Image-caption web data
=== Begin Enclosure ===

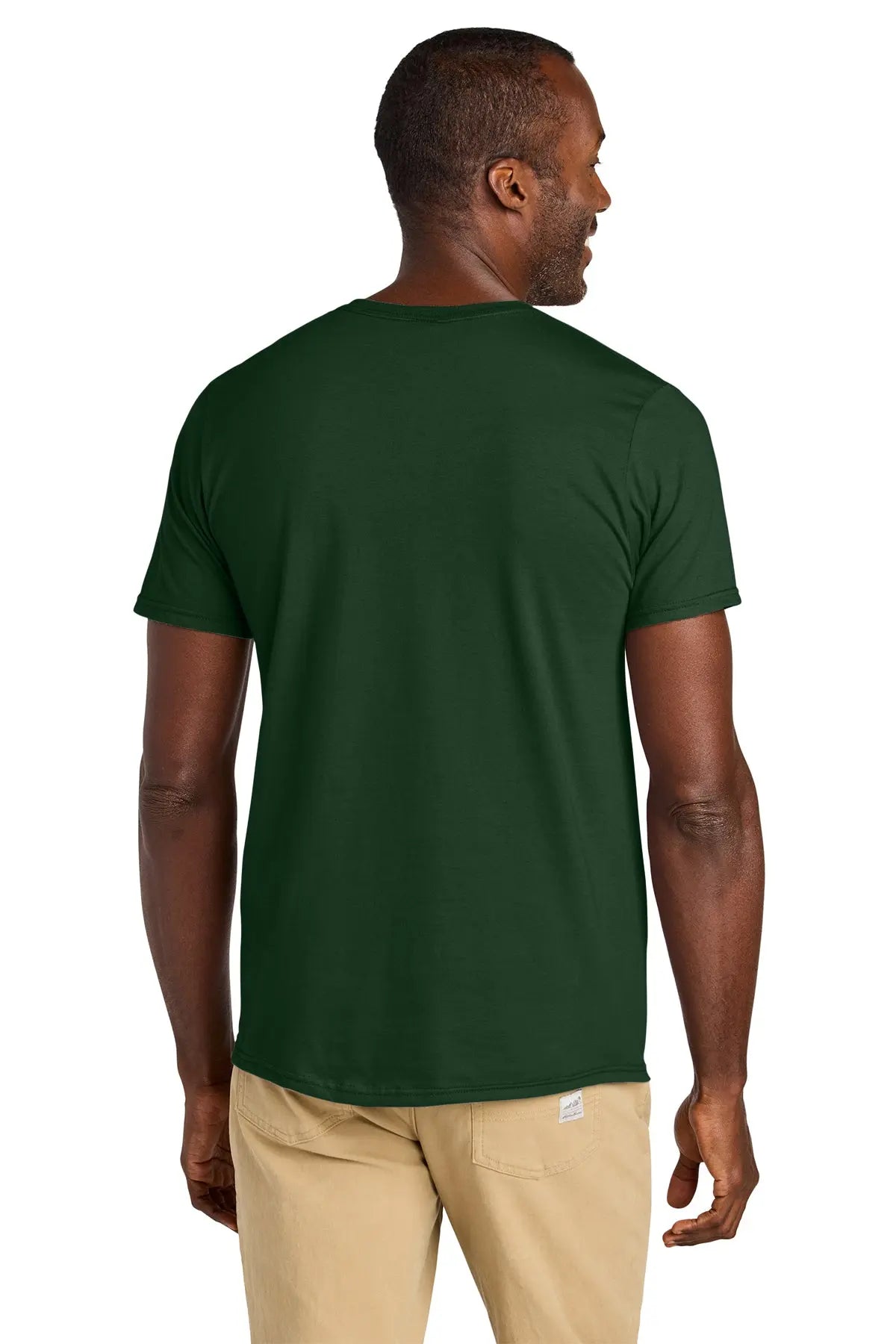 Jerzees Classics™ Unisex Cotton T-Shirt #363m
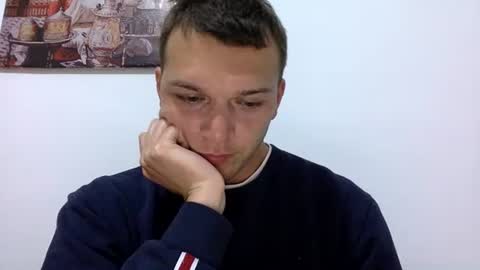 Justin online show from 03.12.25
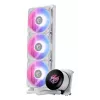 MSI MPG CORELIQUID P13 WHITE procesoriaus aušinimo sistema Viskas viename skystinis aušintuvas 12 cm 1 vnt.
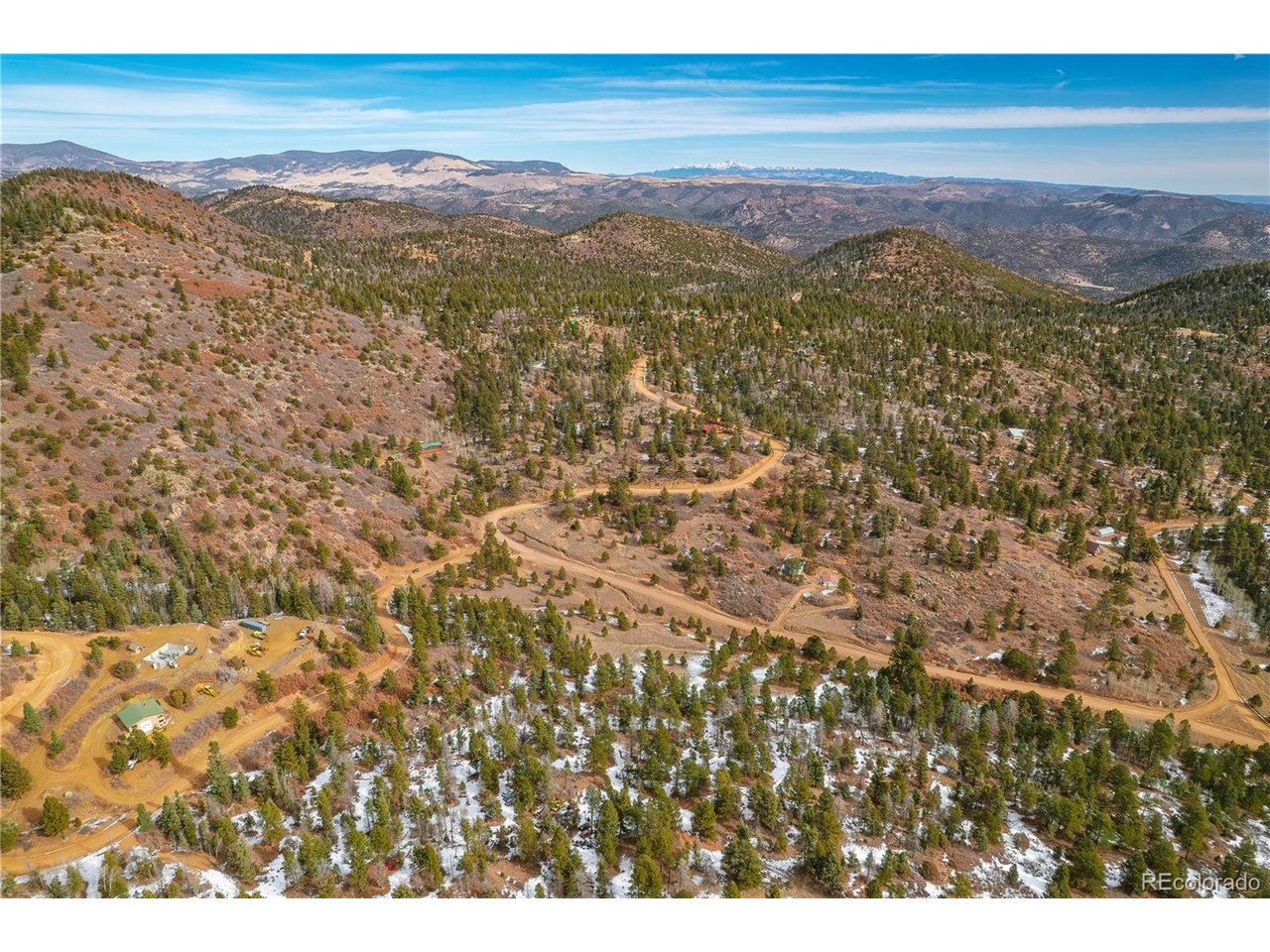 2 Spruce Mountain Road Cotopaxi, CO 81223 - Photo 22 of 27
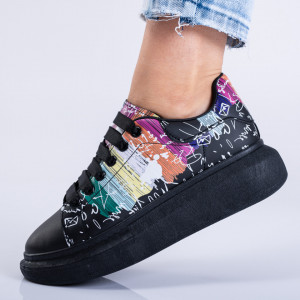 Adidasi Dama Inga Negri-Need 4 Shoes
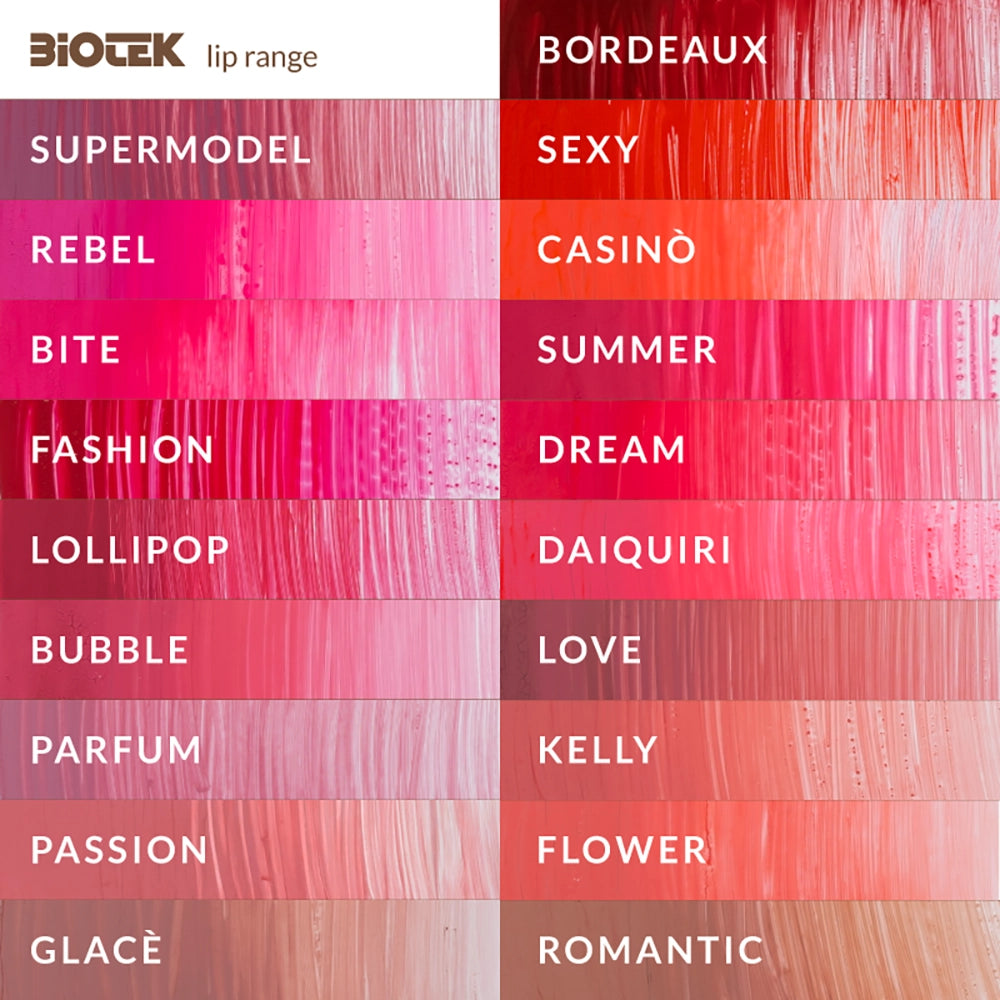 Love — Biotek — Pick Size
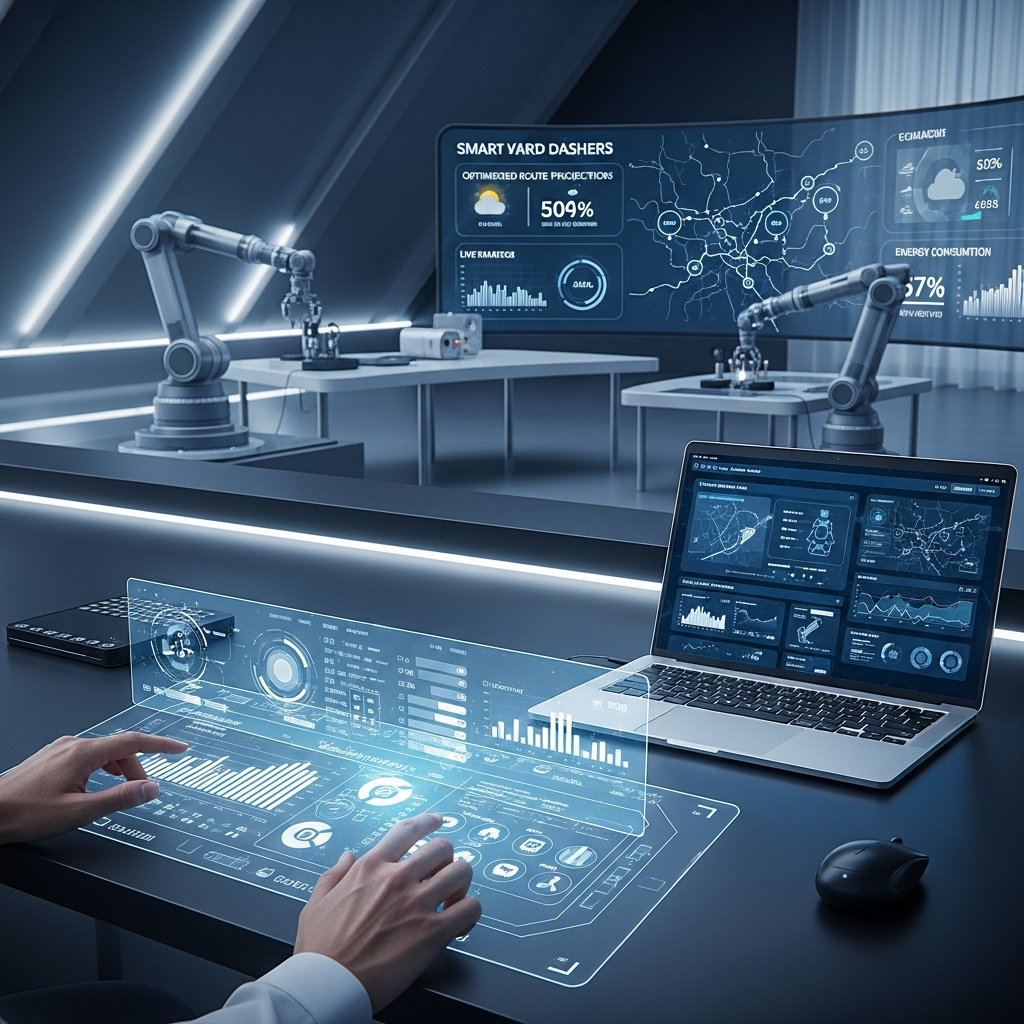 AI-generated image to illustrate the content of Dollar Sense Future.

=== End Enclosure ===

Exercise directions
The answer is a faithful copy of the records above, with the pictures removed.

Result for this exercise
 Jerzees Classics™ Unisex Cotton T-Shirt #363m
 Justin online show from 03.12.25
 MSI MPG CORELIQUID P13 WHITE procesoriaus aušinimo sistema Viskas viename skystinis aušintuvas 12 cm 1 vnt.
 2 Spruce Mountain Road Cotopaxi, CO 81223 - Photo 22 of 27
 Adidasi Dama Inga Negri-Need 4 Shoes
 Love — Biotek — Pick Size
 AI-generated image to illustrate the content of Dollar Sense Future.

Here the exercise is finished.